Today, I introduce to you Andrea Lanier. Andrea has been involved at Walnut Hill UMC since a young girl, and was baptized this past May. She is active in our youth program and youth choir, and is currently a junior at W.T. White High School. I asked Andrea to share from her perspective about how she sees the time and service given to the church being fulfilling in her life through her experience of mission work.
"This isn't Mountain Top," I thought while on the road to Houston. 'Mountain Top' was one of our previous mission trips, and at the time, last summer, I didn't think Houston could compare. However, it did.

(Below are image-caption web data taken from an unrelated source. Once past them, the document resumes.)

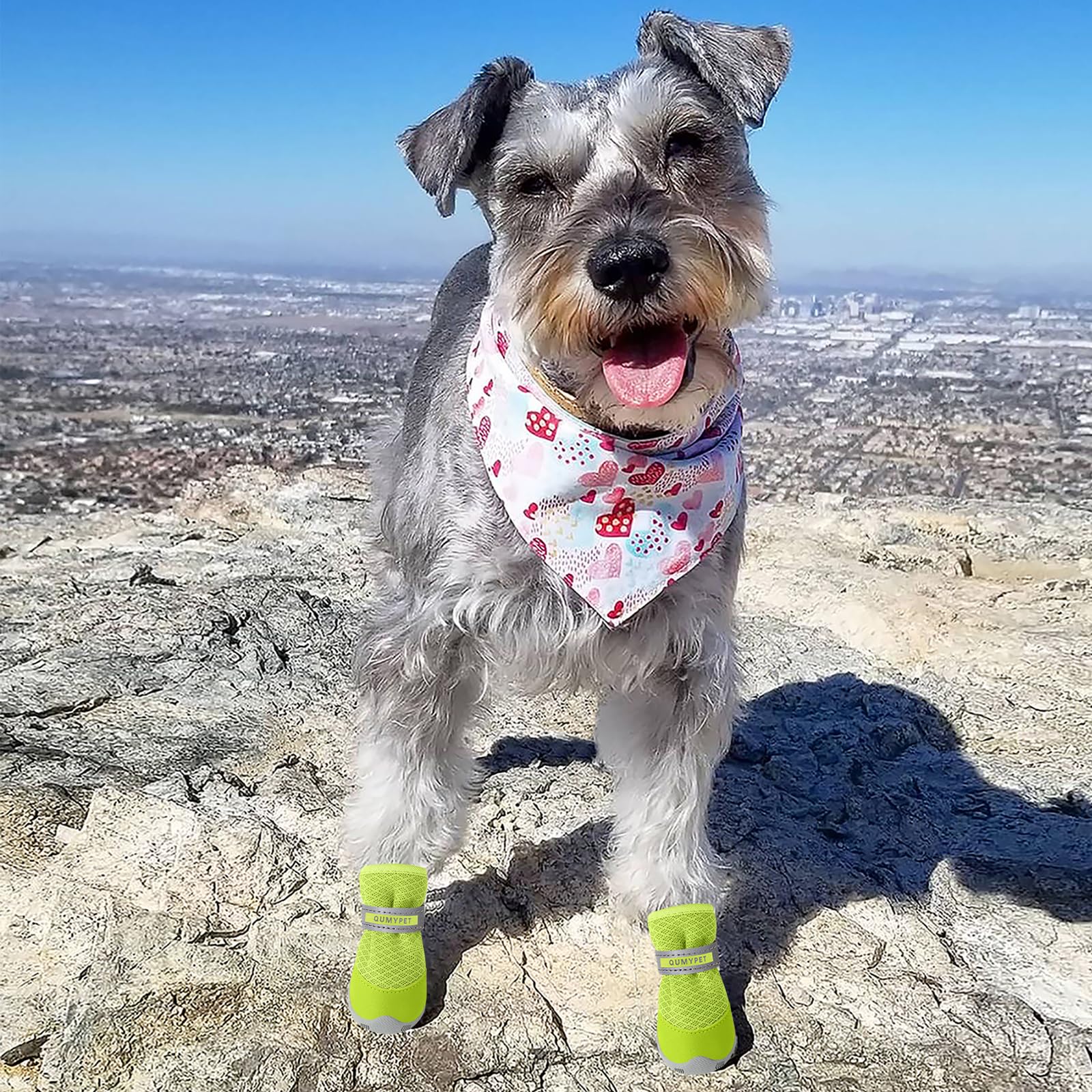 Zapatillas QUMY para perros pequeños ideales para uso exterior durante caminatas y carreras
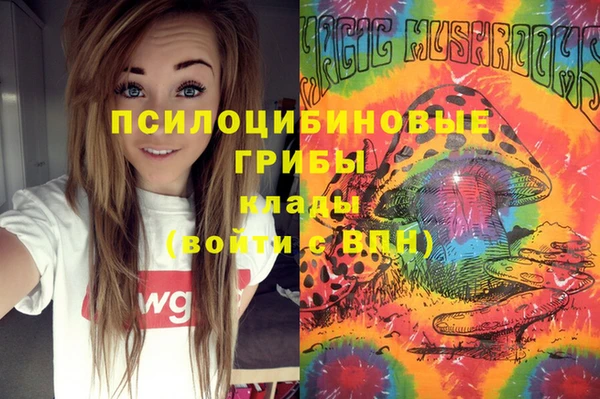 тгк Усмань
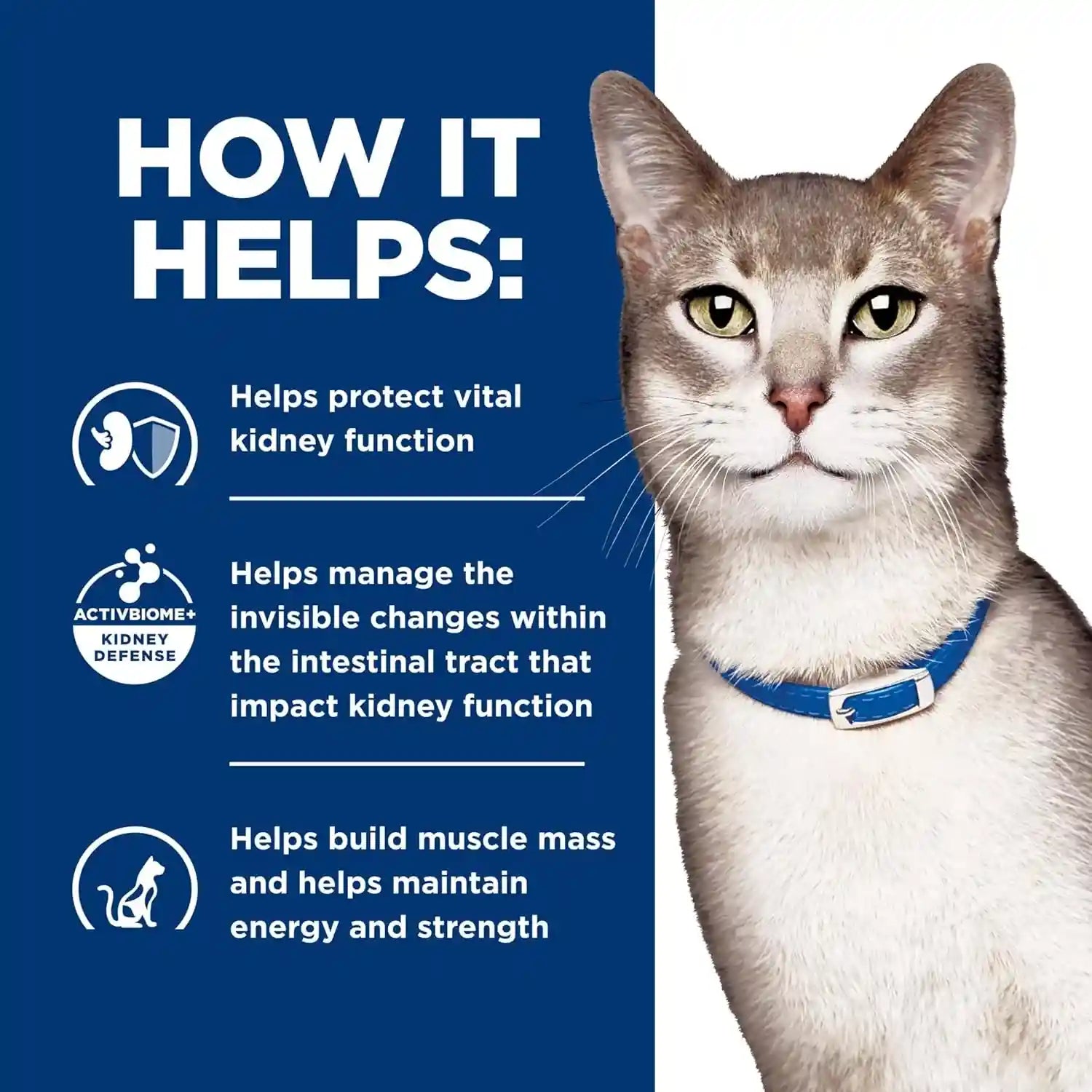 hills-prescription-diet-k-d-kidney-care-dry-cat-food-ocean-fish-4-lb-bag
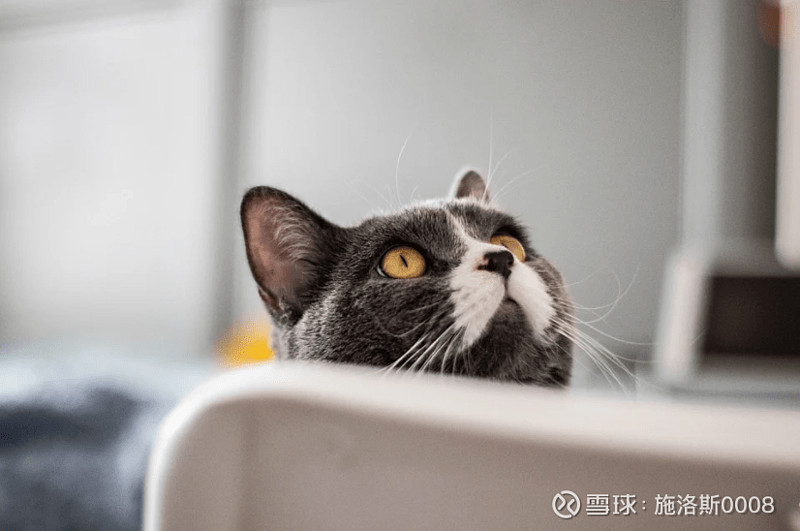 300股指期权开通交易怎么做？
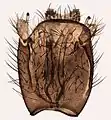 Male terminalia.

This Center for Student Missions (CSM) trip was one I've never experienced before and if you would have told me what an impact it was going to have on me I would have said, "Yeah right." You see I didn't understand just how much faith I would be seeing in one week: from 'Crossroads,' the homeless shelter where we passed out clothes, to the 'Way station,' where we handed out mail and breakfast. Each day was a chance to see God's work and so when I'm asked what my favorite part of the trip is I must say, "all of it."
While on the trip our guide, Cameron, taught each of us many important things that I still use and act upon today. For instance, you shouldn't call a homeless person 'homeless,' but rather, a 'person experiencing homelessness,' because if you just label them as 'homeless,' you don't see them as a person, as an equal, but they are. I also learned that a mission trip isn't a vacation, it isn't a get away or a place to relax, a mission trip is a duty to others; it's an enriching experience that can change lives.
I didn't think I could survive a week without air conditioning, and through the week our group seemed to fall apart, from stomach bugs, to asthma attacks, but the faith we all were experiencing kept us together. Then I thought, "Some people live in this type of weather or freezing weather," and it opened my eyes to the fact of just how privileged my life was, even if it doesn't seem to be all the time.
At the end of the week, when we packed up to head back, I was sad. The thing is, it doesn't matter weather or not you're in Tennessee on a mission trip, or right in your back yard, each experience you have, you grow with, and it's hard to let go. Last mission trip was one that I will never forget, because it taught me that no matter where you are or what mission work you're doing, you will be inspired and you will see God's work.